- PROBLEM
Transcribe the listing that follows in full, exactly, and drop its images.
*** Opening AVAILABLE DATA ***
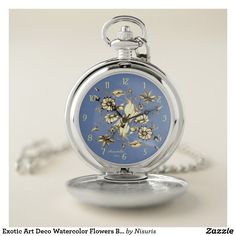 Exotic Art Deco Watercolor Flowers Blue Grey Pocket Watch 25 Years Together, Mens Monogram, Ruby Anniversary, 2nd Wedding Anniversary, Best Man Wedding, 11 December, Silver Wedding Anniversary, 25th Wedding Anniversary, Silver Anniversary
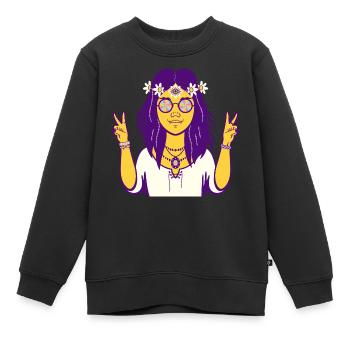 Hippy Hippie Girl Retro Vintage 60s 70's Style - Kinder Premium Organic Sweatshirt - Schwarz - Vorne - AI Model Kid Female (0cm)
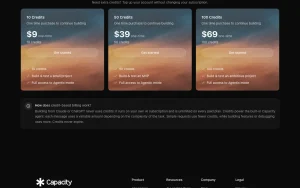Capacity pricing page with plans and prices — screenshot of the coding AI tool, 2026-10-01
*** Closing AVAILABLE DATA ***
- PROBLEM SOLUTION
 Exotic Art Deco Watercolor Flowers Blue Grey Pocket Watch 25 Years Together, Mens Monogram, Ruby Anniversary, 2nd Wedding Anniversary, Best Man Wedding, 11 December, Silver Wedding Anniversary, 25th Wedding Anniversary, Silver Anniversary
 Hippy Hippie Girl Retro Vintage 60s 70's Style - Kinder Premium Organic Sweatshirt - Schwarz - Vorne - AI Model Kid Female (0cm)
Capacity pricing page with plans and prices — screenshot of the coding AI tool, 2026-10-01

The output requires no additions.